The FCA “found serious and sustained shortcomings” in Standard Chartered’s AML controls relating to customerdue diligence and ongoing monitoring. It said Standard Chartered failed to establish and maintain risk-sensitive policies and procedures, and failed to ensure its UAE branches applied UK equivalent AML and counter-terrorist financing controls.
Under the Money Laundering Regulations 2007 (MLRs), Standard Chartered was required to establish and maintain appropriate and risk sensitive policies and procedures to reduce the risk it may be used to launder the proceeds of crime, evade financial sanctions or finance terrorism.
The MLRs also imposed a duty on Standard Chartered to require its global (non-EEA) branches and subsidiaries to apply policies and procedures in relation to due diligence and ongoing monitoring that are equivalent to those required of Standard Chartered in the UK.
The FCA also found significant shortcomings in Standard Chartered’s own internal assessments of the adequacy of its AML controls, its approach towards identifying and mitigating material money laundering risks and its escalation of money laundering risks. These failings exposed Standard Chartered to the risk of breaching sanctions and increased the risk of Standard Chartered receiving and/or laundering the proceeds of crime.

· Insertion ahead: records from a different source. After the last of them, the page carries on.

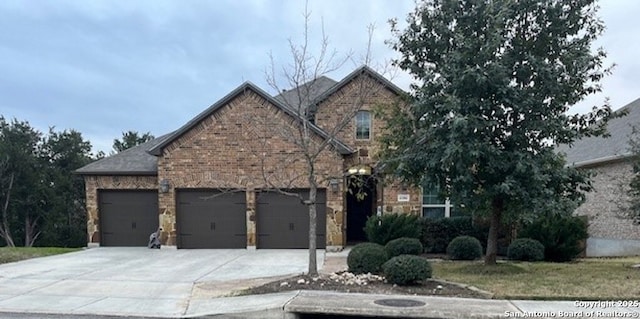 view of front facade featuring a garage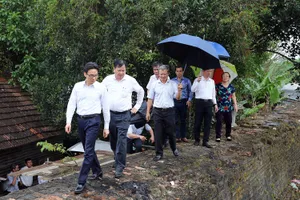 Phó Thủ tướng Vũ Đức Đam thăm các hộ dân đang sống tạm trên tường thành thuộc khu vực 1 di tích Kinh thành Huế. Ảnh: VGP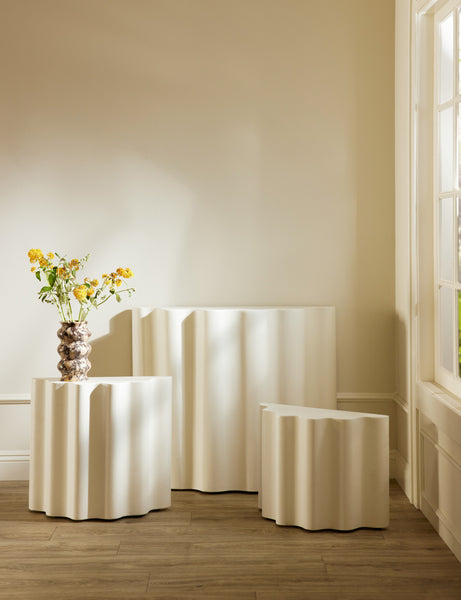 o*ン様 オイスターのコミニset ウニコ　alimie Lune Indoor / Outdoor Console Table by Lolly Lolly Ceramics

- Opening an account with three million UAE Dirham in cash in a suitcase (just over £500,000) with little evidence that the origin of the funds had been investigated;
- Failing to collect sufficient information on a customer exporting a commercial product which could, potentially, have a military application. This product was exported to over 75 countries, including two jurisdictions where armed conflict was taking place or was likely to be taking place; and not reviewing due diligence on a customer despite repeated red flags such as a blocked transaction from another bank indicating a link to a sanctioned entity.
- Standard Chartered’s failings occurred in its UK Correspondent Banking business during the period from November 2010 to July 2013 and in its UAE branches during the period from November 2009 to December 2014.
Mark Steward, director of enforcement and market oversight at the FCA, said: “Standard Chartered’s oversight of its financial crime controls was narrow, slow and reactive. These breaches are especially serious because they occurred against a backdrop of heightened awareness within the broader, global community, as well as within the bank, and after receiving specific attention from the FCA, US agencies and other global bodies about these risks.
“Standard Chartered is working to improve its AML controls to ensure all issues are fully addressed on a global basis. The FCA has taken into account Standard Chartered’s remediation work and its cooperation in assisting the FCA investigation, without which today’s financial penalty would have been even higher.”
Standard Chartered did not dispute the FCA’s findings and exercised its right, under the FCA’s partly contested case process, to ask the FCA’s Regulatory Decisions Committee to assess the appropriate level of sanction. Standard Chartered’s agreement to accept the FCA’s findings meant it qualified for a 30% discount. Otherwise, the FCA would have imposed a financial penalty of £145,947,500.